Ridemmo di tutti questi racconti, ci scambiammo storie sulle nostre origini famigliari e su cosa ci aveva portato a studiare Legge. Barack era serio senza prendersi sul serio. Aveva modi disinvolti ma rivelava un’insolita potenza di pensiero. Era una combinazione strana e stimolante. Fui anche sorpresa della sua buona conoscenza di Chicago. Barack era la prima persona che avevo incontrato da Sidley ad aver trascorso un po’ di tempo nei negozi dei barbieri, nei ristoranti popolari e nelle parrocchie dei predicatori neri nella parte più meridionale del South Side. Prima di frequentare la Law School, aveva lavorato per tre anni a Chicago come coordinatore di comunità, a 12.000 dollari l’anno, per un’organizzazione non profit che riuniva un gruppo di chiese. Il suo compito consisteva nell’aiutare a ricostruire le comunità di quartiere e a creare occupazione. Per come lo descrisse lui, il suo lavoro era per due terzi frustrante e per un terzo gratificante: aveva trascorso settimane a progettare un incontro a cui si erano presentate non più di dieci persone. I suoi sforzi erano derisi dai capi dei sindacati e criticati sia dai bianchi sia dai neri. Eppure, col tempo, aveva ottenuto alcune piccole vittorie, e ciò sembrava incoraggiarlo. Era entrato alla Law School, mi spiegò, perché proprio l’attività organizzativa di base gli aveva mostrato che un cambiamento sociale significativo richiedeva non solo il lavoro sul campo, ma anche politiche mirate e l’azione del governo.
Nonostante la mia resistenza al clamore che l’aveva preceduto, mi trovai ad ammirarlo sia per la sua sicurezza sia per la sua serietà.
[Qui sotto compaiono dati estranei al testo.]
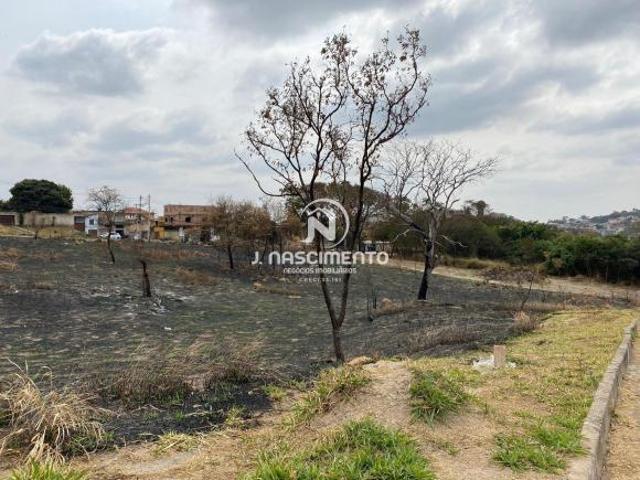 Terreno venda em Região Geográfica Imediata de Belo Horizonte, Região Metropolitana de Belo Horizonte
Era piacevole, anticonvenzionale e a modo suo elegante. Nemmeno una volta, tuttavia, pensai a lui come a uno con cui mi sarebbe piaciuto uscire. Innanzitutto, ero il suo tutor nello studio. In secondo luogo, avevo appena giurato a me stessa che non sarei uscita più con nessuno: ero troppo logorata dal lavoro per dedicare anche uno sforzo minimo a una storia. E, infine, era accaduta una cosa orribile: al termine del pranzo Barack si accese una sigaretta, un gesto che sarebbe stato di per sé sufficiente a smorzare qualsiasi mio interesse, se ne avessi avuto uno. Sarebbe stato un buon pupillo per l’estate, pensai tra me.